Perl makes it very easy for you to check the syntax of your CGI script by offering you a special "debug" mode. In order to check the syntax of your CGI script, simply type the following from the command line:

perl -c scriptname.cgi

The debug mode actually checks the syntax of your CGI script without actually executing the code. A listing of all of the debugging commands can be listed by typing

perl -h scriptname.cgi

Of course, if executing the code has no affects other than outputting, you can also just try running the script itself without debugging using the following command:

perl scriptname.cgi
Perl will attempt to execute your CGI script and will output errors if there are any. A typical error message that you might see looks like:

Here is another one you'll see alot:

As you can see, Perl sends back a good deal of useful information about your problem. Typically, it will do its best to analyze what the problem was as well as give you a line number so that you can look into the problem yourself.

Well, as you may have guessed, there are quite a few commonly made syntax errors that will plague your command line executions. In fact, in "Teach Yourself CGI Programming in Perl", Eric Herrmann lists the following common suspects:

Symbol Name Description
; semicolon Each command in your Perl program must end with a semicolon. Unfortunately, the error message you get may not give you any hints. You'll usually get something to the effect of, "syntax error at 1.pl line 6, near print". It is up to you to track down the error.
{} braces Braces are used to delimit sections of the program (such as if, while or for loops). the most common problem is leaving off a closing brace to correspond with an opening brace.
() parentheses Every now and then, you will forget a parentheses in an if statement, just beware.
"" Quotation Marks Perl allows quoted strings to include multiple lines. This means that of you leave off a closing quote the rest of your entire program might be considered part of the quoted string. Also, beware of having quotes inside of quotes such as print "She said "hello""; How can perl know which quote is meant to be printed and which quote is meant to end the string to be printed?
@ At Sign The @ character is used to name list arrays in Perl. Thus, if you are going to print an @ character such as when you print an email address, you must make sure to "Escape" it using a backslash such as print "selena\@eff.org".

Log File Analysis
Assuming that your system administrator has given you access to this file, another useful debugging tool is the error log of the web server you are using. This text file lists all of the errors which have occurred while the web server has been processing requests from the web. Each time your CGI script produces an error, the web server adds a log entry.
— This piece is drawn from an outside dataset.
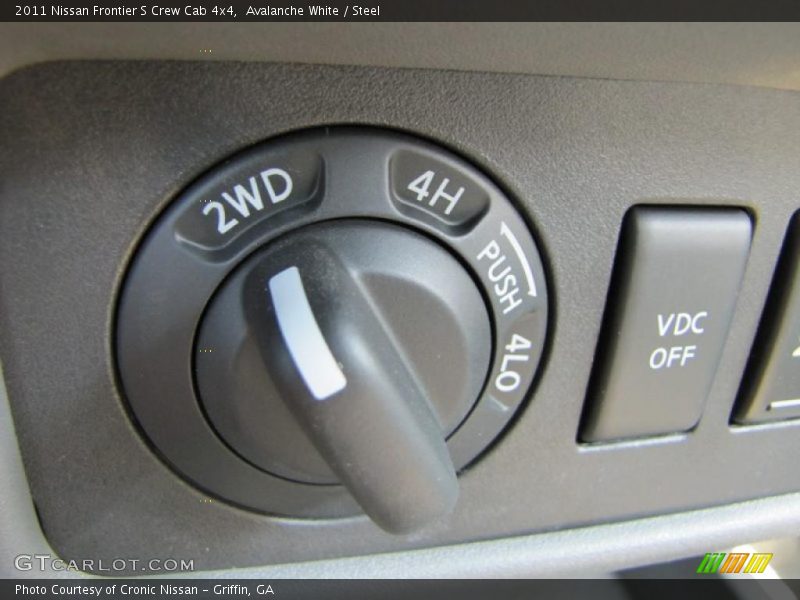 Avalanche White / Steel 2011 Nissan Frontier S Crew Cab 4x4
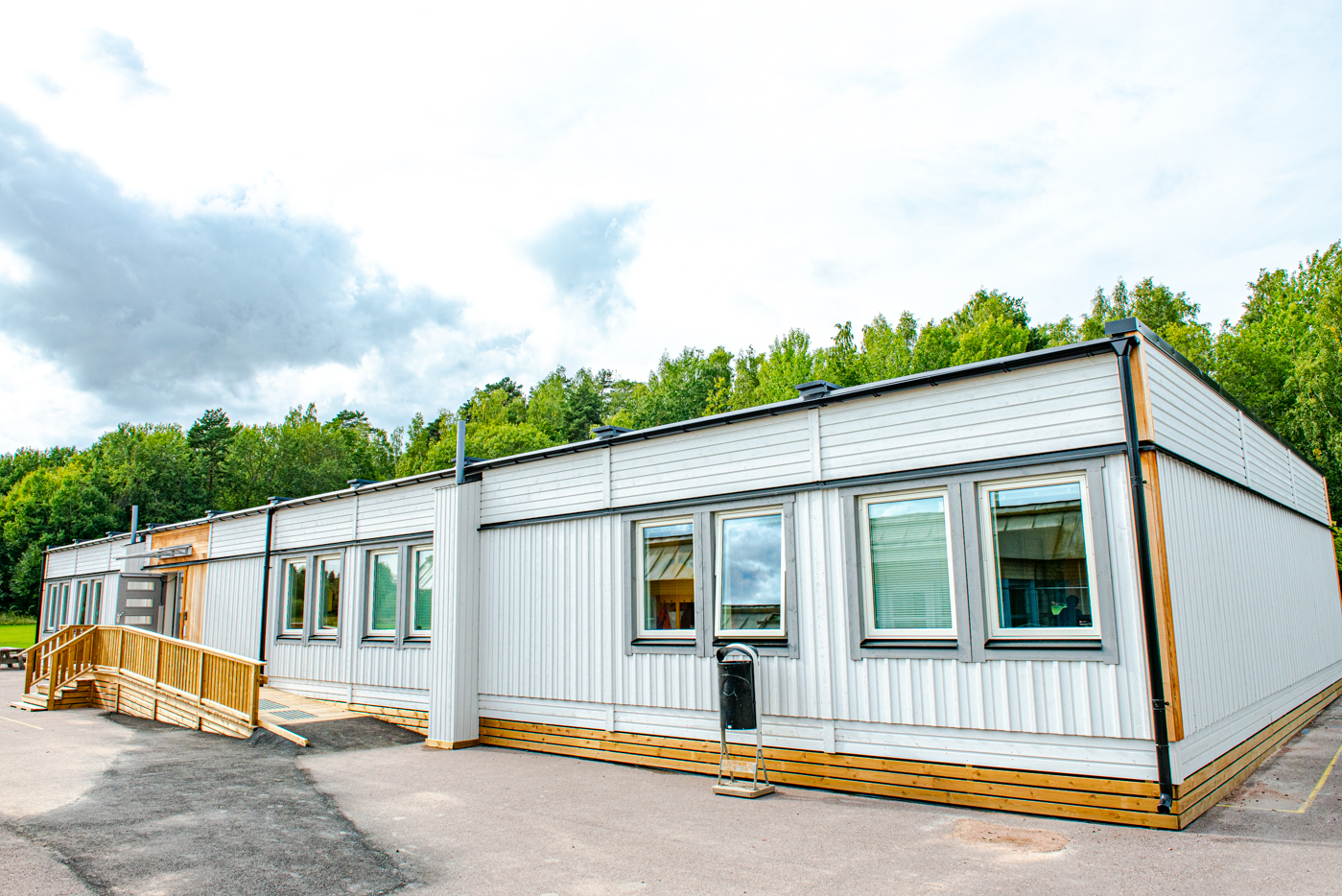 Sommaren 2019, medan barnen hade sommarlov, monterades tio stycken PCS Comfort skolmoduler på Håkanstorpsskolan, vilket resulterade i en ny skolpaviljong som rymmer tre nya klassrum och plats för 75 elever.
If your sys admin does not allow access to the log file, you may ask her to email you a version of the log file with only errors related to your work. She can create such a version by using the GREP command and it should not be too difficult.

On the other hand, if you do have access to the log file, it can usually be found in the "logs" directory under the main web server root.

For example on NCSA serves, it can be found at

/usr/local/bin/httpd/logs

Dressing up as a Web Browser
In "Teach Yourself CGI Programming in Perl", Eric Herrmann outlines a method which you can use to test your CGI scripts using TELNET. I recommend reading the section if you have the chance. In the meantime, here is a quick explanation...

If you are able to use the TELNET program to contact your web server, you can view the output of your CGI script by pretending to be a web browser. This makes it easy to see "exactly" what is being sent to the web browser.

The first step is to contact the web server using the telnet command:

telnet www.yourdomain.com:80
Typically, web servers are located on port 80 of your server hardware. Thus, for most of you, you need only contact port 80 on the server.

Once you have established a connection with the HTTP server, you formulate a GET request using the following syntax:

GET /cgi-bin/testscript.cgi HTTP/1.0

This command tells the server to send you the output of the requested document, which in this case is a CGI script.

After your GET request, the web server will execute your CGI script and send back the results which will look something like the following:

eff.org:~$telnet www.mydomain.com:80
trying 190.2.3.120 ...
Connected to www.mydomain.com.
Escape character is '^}'.
GET /cgi-bin/test.cgi HTTP/1.0
<HTML>Hello World</HTML>

Connection closed by foreign host.

Using print "Content-type: text/html\n\ntest";exit;
However, I will note a third method that you can use to find out where a logical error is when it is not a "syntax error" but an HTTP error. An http error causes the favorite, "404 document contains no data" error which the command line and error logs won't necessarily help with. The script will run fine from the command line, but it won't run from the web.

Look at the hello world script with a couple of minor changes


#!/usr/local/bin/perl
require ("./Library/cgi-lib.pl");
&ReadParse(*form_data);


foreach $incoming_form_variable (keys(%form_data))
{
print "$incoming_form_variable = $form_data{$incoming_form_variable}\n<BR>";
}


print "Content-type: text/html\n\n";
print "Hello World<P>";

When you run this script, you will get a "404 document contains no data" error because you have sent text to the browser (the variable names and values) BEFORE you have sent the magic HTTP header line "Content-type: text/html\n\n". But how would you find out that this is a problem.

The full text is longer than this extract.